## Task details
Scan the material below for the string "Used", and copy every line where it shows up.

(Beginning of Data for processing)

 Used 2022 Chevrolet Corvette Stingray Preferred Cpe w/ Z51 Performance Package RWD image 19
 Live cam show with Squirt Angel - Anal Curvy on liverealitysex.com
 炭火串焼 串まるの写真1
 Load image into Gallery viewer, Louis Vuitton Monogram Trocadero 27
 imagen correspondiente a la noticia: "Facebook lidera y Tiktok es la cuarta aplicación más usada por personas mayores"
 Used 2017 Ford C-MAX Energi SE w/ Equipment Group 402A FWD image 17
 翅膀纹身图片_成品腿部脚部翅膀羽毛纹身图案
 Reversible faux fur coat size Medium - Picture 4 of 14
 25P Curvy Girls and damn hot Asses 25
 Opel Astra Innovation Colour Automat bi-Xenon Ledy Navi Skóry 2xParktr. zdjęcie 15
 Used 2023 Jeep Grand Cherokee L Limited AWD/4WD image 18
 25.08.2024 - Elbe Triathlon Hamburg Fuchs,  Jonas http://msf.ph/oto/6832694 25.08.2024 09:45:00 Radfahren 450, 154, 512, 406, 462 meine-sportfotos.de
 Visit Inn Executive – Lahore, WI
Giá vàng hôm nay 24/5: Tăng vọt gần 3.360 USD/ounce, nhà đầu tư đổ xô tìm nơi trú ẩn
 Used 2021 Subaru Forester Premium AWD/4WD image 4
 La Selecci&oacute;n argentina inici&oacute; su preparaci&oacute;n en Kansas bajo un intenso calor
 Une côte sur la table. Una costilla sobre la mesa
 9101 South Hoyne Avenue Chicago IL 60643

(End of Data for processing)

## Written answer
 Used 2022 Chevrolet Corvette Stingray Preferred Cpe w/ Z51 Performance Package RWD image 19
 Used 2017 Ford C-MAX Energi SE w/ Equipment Group 402A FWD image 17
 Used 2023 Jeep Grand Cherokee L Limited AWD/4WD image 18
 Used 2021 Subaru Forester Premium AWD/4WD image 4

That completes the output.